TRY IT: Make an exact copy, from the records below, of the lines from the line containing "Hersobella OnlyFans Thumbnail #9tQ0shd6P3" to the line containing "Zegarek klasyczny czarny", both lines included, excluding pictures.

EXERCISE MATERIALS:
━━━
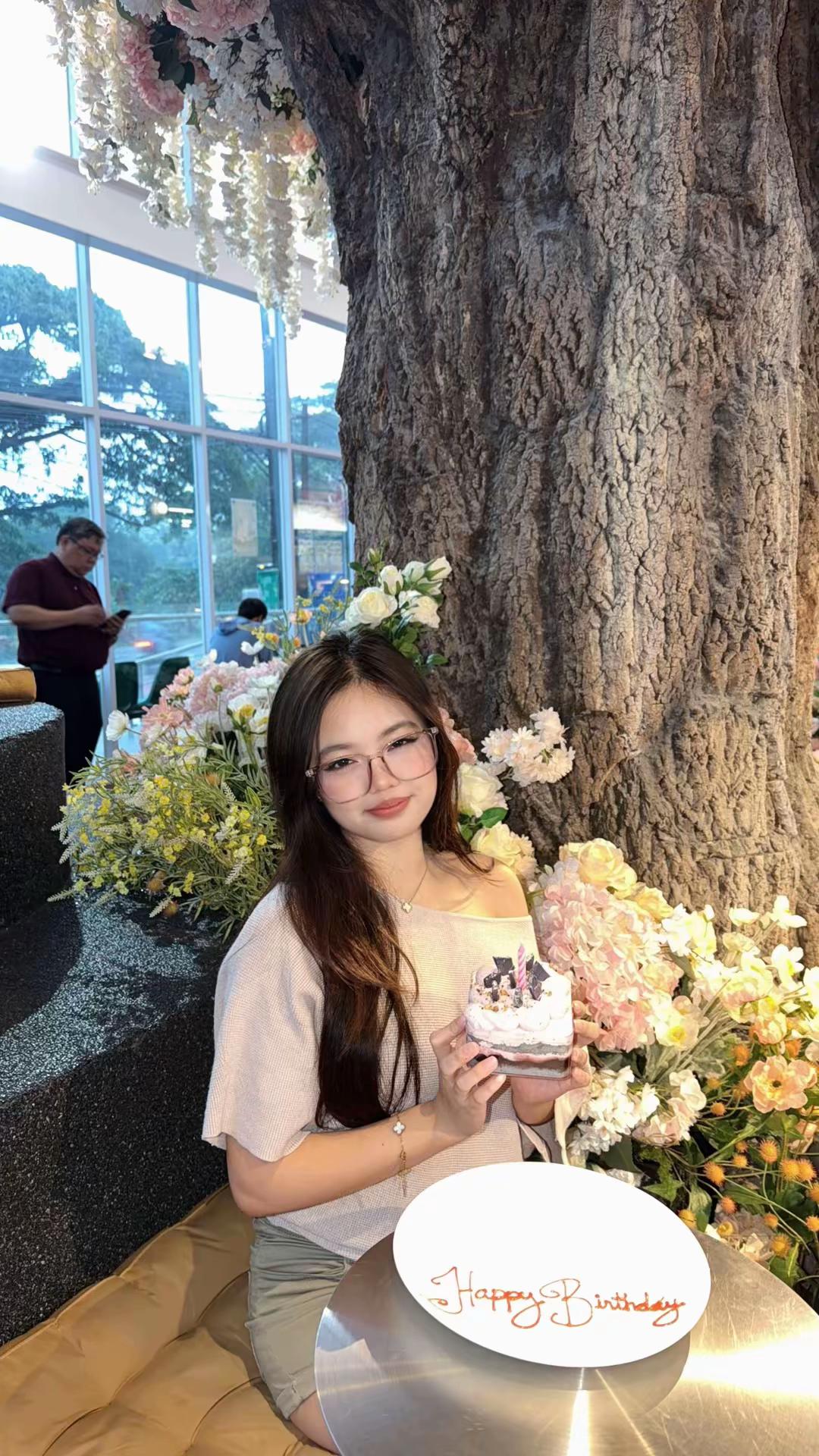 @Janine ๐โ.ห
━━━
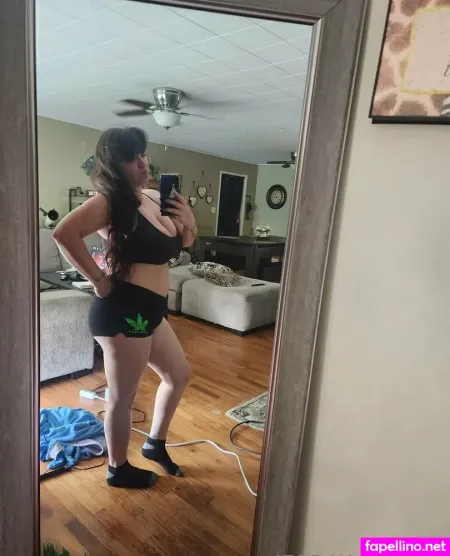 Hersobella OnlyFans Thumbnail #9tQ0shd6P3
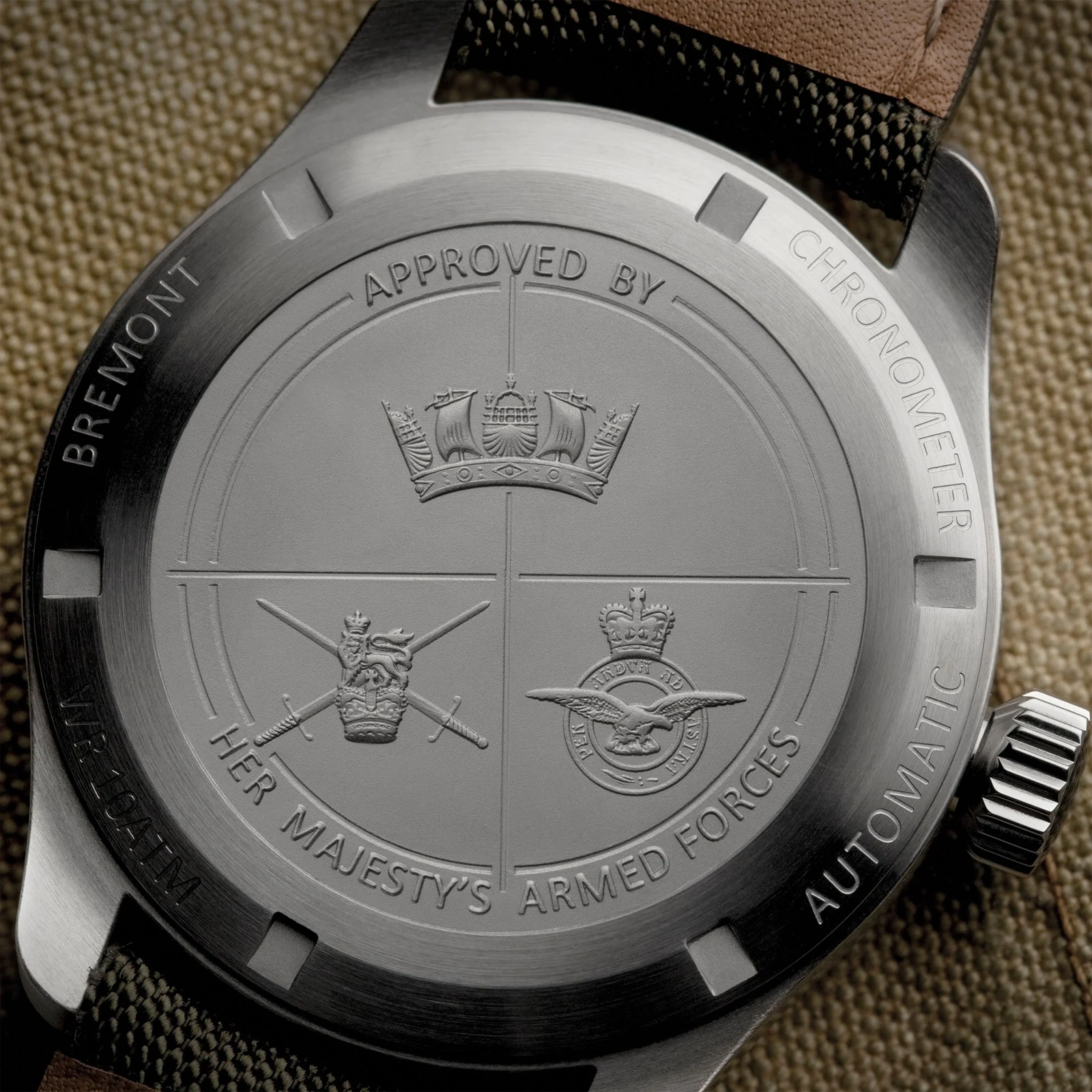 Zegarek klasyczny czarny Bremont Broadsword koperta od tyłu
━━━
SOLUTION:
 Hersobella OnlyFans Thumbnail #9tQ0shd6P3
 Zegarek klasyczny czarny Bremont Broadsword koperta od tyłu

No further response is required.